_Exercise brief_:
Although the records contain pictures, none belong in the copy: restate word for word only the lines from the one with "Colar Fio Duplo Dourado" through the one with "2008-2012 Ford Escape", both included.

_Provided entries_:
______
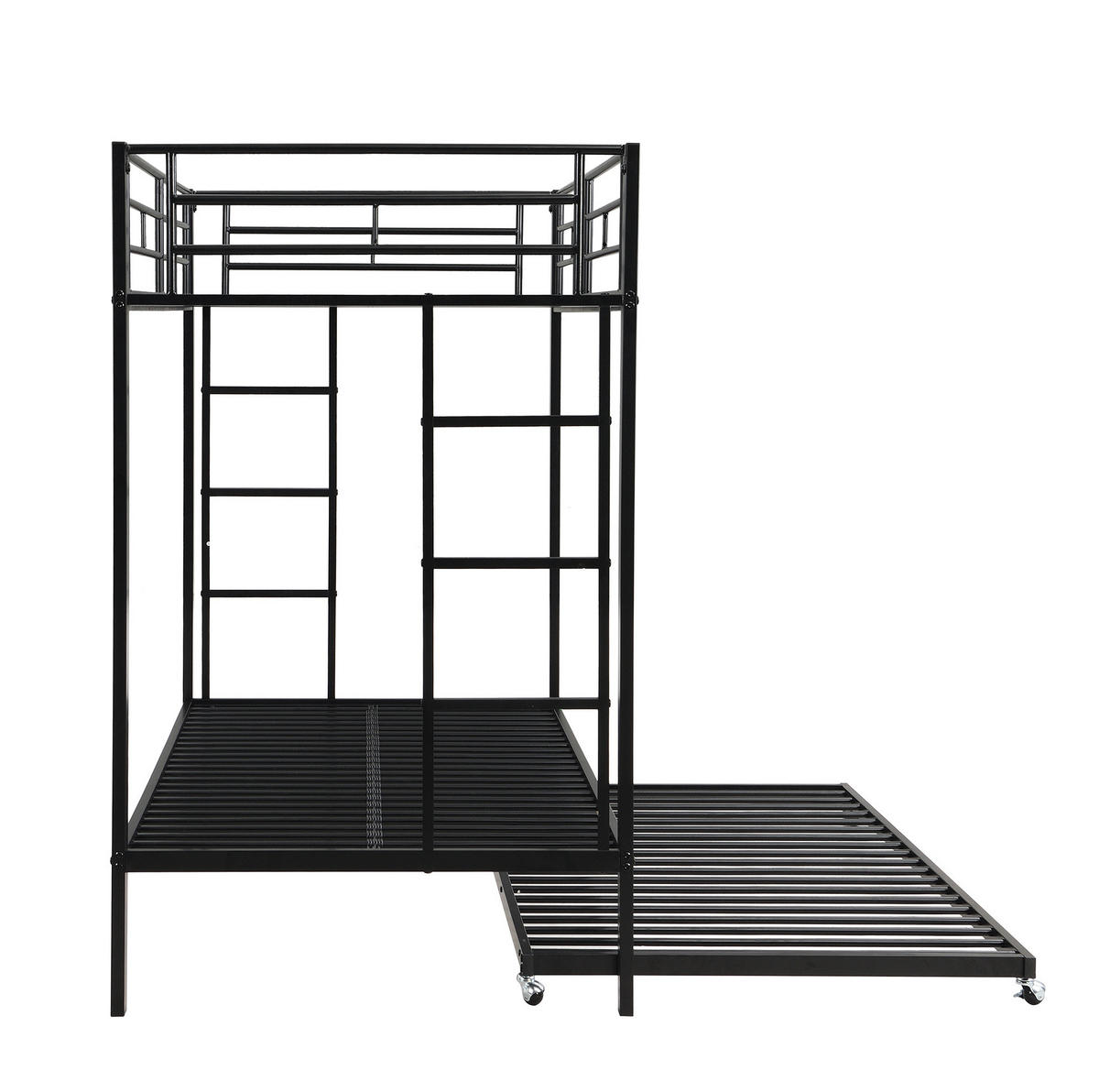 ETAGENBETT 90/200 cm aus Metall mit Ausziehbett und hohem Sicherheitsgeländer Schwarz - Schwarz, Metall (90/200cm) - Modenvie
______
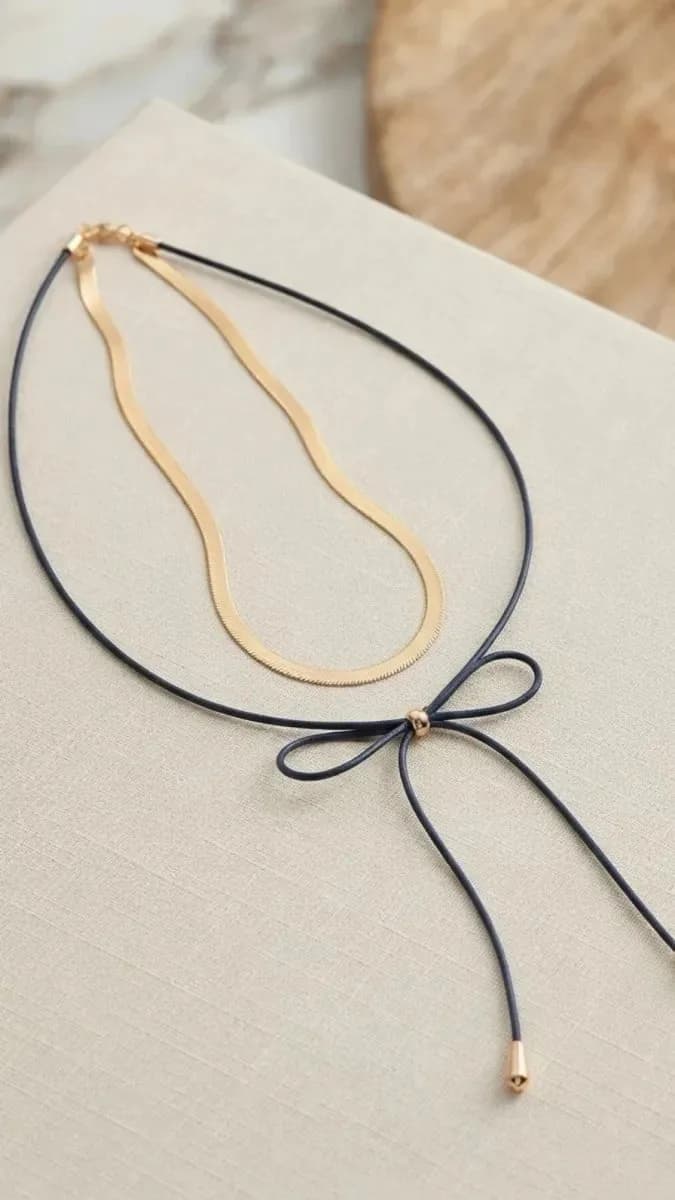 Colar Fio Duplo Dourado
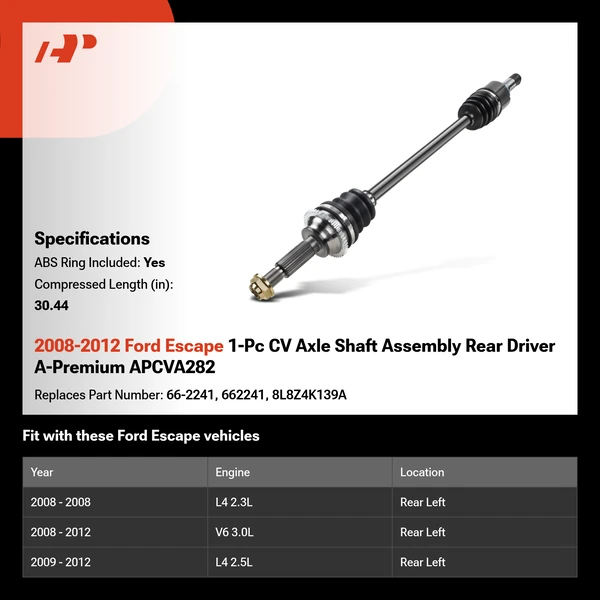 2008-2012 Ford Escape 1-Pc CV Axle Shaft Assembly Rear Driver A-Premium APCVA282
______
_Result below_:
 Colar Fio Duplo Dourado
 2008-2012 Ford Escape 1-Pc CV Axle Shaft Assembly Rear Driver A-Premium APCVA282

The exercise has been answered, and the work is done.